Lastly, Lightning Deals are only available for sellers on a Professional Selling Plan, so Amazon individual sellers are not eligible (Amazon Pro Seller Accounts only).
Lightning deals show up distinctly in search results, and also in the Daily Deals section on Amazon. People search for lightning deals daily to find the next great value!
Amazon also has more control over your Lightning Deal.
They will set the maximum price you can sell it at, often at least a 25% discount. Depending on the original price and the product category, it can sometimes require an even steeper discount. It will also offer you select time windows that the Lightning Deal can run according to the Amazon Lightning Deals Schedule. This is often a four or eight-hour time frame, at a date selected by Amazon.
In addition to controlling your discount and timing, Amazon will also require a fee payment. This can be anywhere from $150-$500, depending on many factors. Lastly, Amazon will also require a minimum amount to offer at this price.

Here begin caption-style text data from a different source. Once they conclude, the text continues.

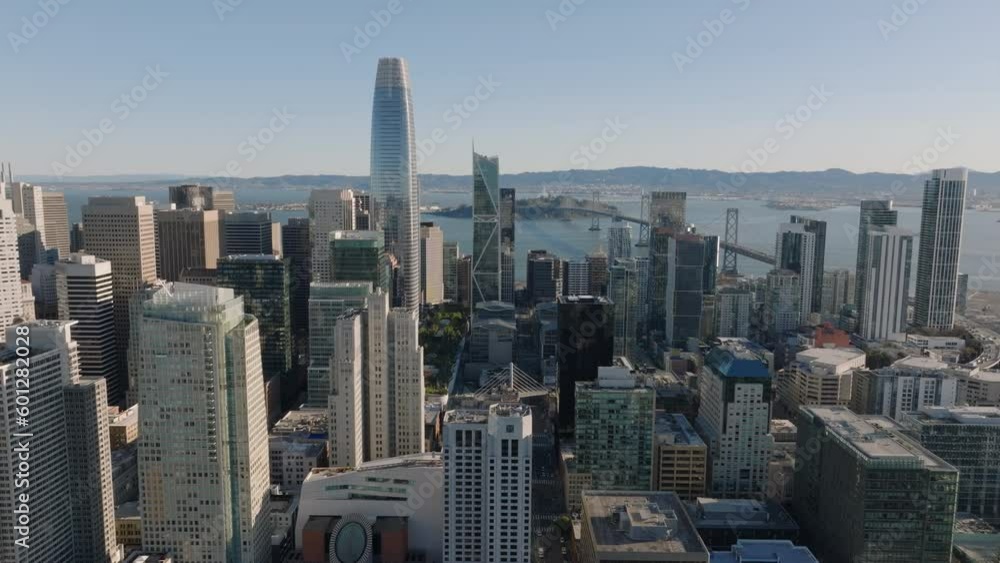 Aerial slide and pan shot of modern downtown buildings around majestic Salesforce Tower. San Francisco, California, USA Aerial slide and pan shot of modern downtown buildings around majestic Salesforce Tower. San Francisco, California, USA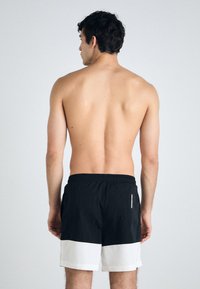 Svart svømmeshorts med en hvit horisontal stripe nederst. Lett materiale, elastisk midje og en sidelomme på baksiden.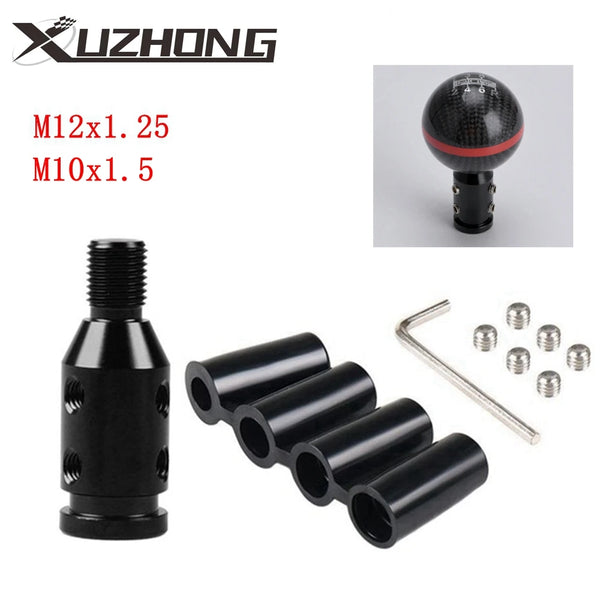 Black gear shift knob adapter with various thread sizes and a set of cylindrical adapters.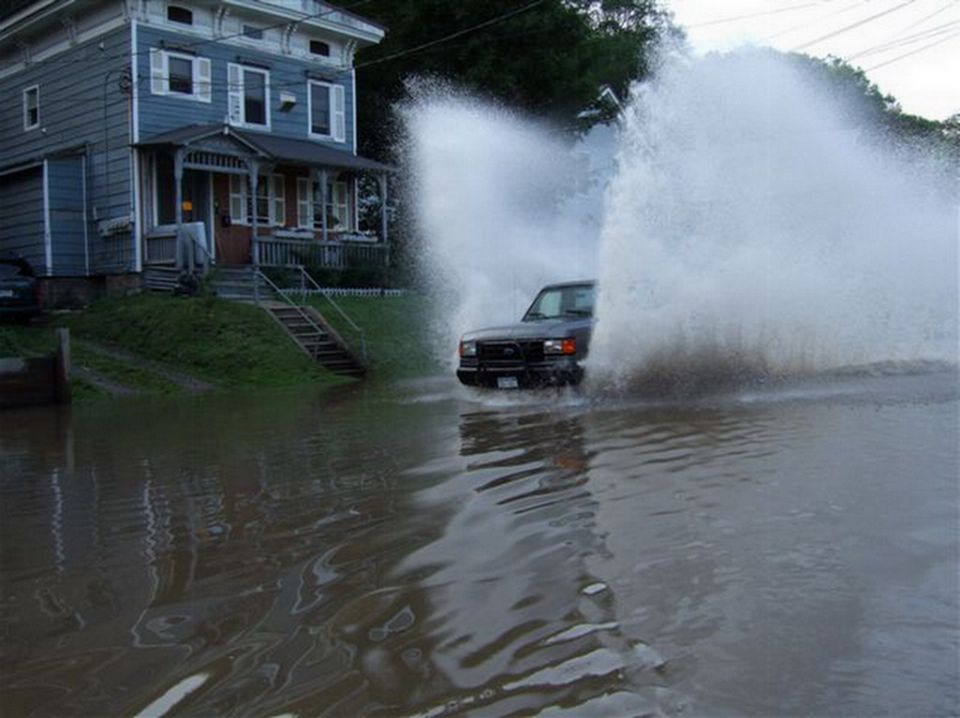 Dark SUV driving through floodwater, creating large splashes. A blue house is visible on the left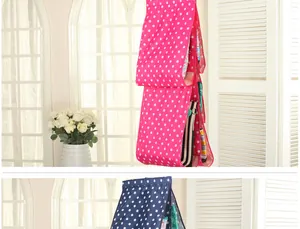Multi-layer hanging handbag organizer with pink and navy polka dots for closet storage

All of these stringent requirements mean that Lightning Deals can be costly. Luckily, when executed properly they can lead to massive gains.
Lightning Deals are a great choice for items with the potential to be very high volume. Smaller sellers won’t benefit because of the high fees, and the short sales window. This could also apply to seasonal items.
Items that could sell off the charts for Christmas could benefit from a Lightning Deal in the weeks preceding the holiday itself.
Lightning Deals are a hyper-aggressive way to boost Amazon sales, potentially massively. They are great choices for high volume items with a proven sales history.
They can be very expensive, so it is best to use only with higher margin high volume items. They also garner strong attention both on Amazon and through other news outlets.
Similarly, it is important to be careful what time frame Amazon offers you, and also be cognizant of their fees, and required discounts. All of these will determine whether an Amazon Lightning Sale is a good choice for your products.
The Balancing Act
Each of these three action items is a great way to help with your sales for the holiday. They can help take slow sellers and bring the consistency.
Alternatively, they can take high volume items and fully juice the sales, so that you can be maximizing your sales for each of your items.
Despite the potential rewards, there are drawbacks to all three options, mostly in terms of profitability. All of these fees will be in addition to the general Amazon seller fees, Amazon referral fees, and Amazon FBA fees (automatically monitor when Amazon overcharges your FBA fees).
Many an Amazon seller has fallen for the siren song of increased revenue, at the expense of practical growth in profit. Thus, use these options as seller tools in the tool belt if you’re wondering how to drive traffic to your Amazon listing, but always remain aware of the pitfalls and drawbacks, and you will be a successful Amazon FBA seller.